Work to be completed:
Gather all lines in the entries that include the word "Self".

Supplied records section start

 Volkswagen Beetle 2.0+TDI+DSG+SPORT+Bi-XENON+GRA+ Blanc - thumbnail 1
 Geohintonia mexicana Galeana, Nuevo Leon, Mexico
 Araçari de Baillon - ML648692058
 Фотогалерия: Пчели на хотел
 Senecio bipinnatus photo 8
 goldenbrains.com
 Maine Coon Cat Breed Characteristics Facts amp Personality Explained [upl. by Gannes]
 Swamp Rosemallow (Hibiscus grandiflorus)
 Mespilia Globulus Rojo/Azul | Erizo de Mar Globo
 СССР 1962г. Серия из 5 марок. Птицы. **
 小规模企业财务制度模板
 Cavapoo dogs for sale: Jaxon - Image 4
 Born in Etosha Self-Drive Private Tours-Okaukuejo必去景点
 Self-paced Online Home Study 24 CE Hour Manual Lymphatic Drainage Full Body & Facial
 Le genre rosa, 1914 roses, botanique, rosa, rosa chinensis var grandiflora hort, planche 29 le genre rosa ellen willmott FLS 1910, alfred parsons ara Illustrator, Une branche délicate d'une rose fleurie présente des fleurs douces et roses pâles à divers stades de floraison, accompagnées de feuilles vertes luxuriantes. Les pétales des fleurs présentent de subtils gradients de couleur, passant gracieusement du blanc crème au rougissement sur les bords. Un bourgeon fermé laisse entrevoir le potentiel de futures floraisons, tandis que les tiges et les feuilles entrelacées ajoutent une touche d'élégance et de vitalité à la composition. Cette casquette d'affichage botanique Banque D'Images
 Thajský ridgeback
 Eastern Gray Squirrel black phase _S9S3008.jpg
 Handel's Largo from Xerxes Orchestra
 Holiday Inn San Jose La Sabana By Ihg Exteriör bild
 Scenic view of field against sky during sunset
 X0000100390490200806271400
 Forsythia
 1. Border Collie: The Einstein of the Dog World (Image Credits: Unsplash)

Supplied records section end

Solved exercise:
 Born in Etosha Self-Drive Private Tours-Okaukuejo必去景点
 Self-paced Online Home Study 24 CE Hour Manual Lymphatic Drainage Full Body & Facial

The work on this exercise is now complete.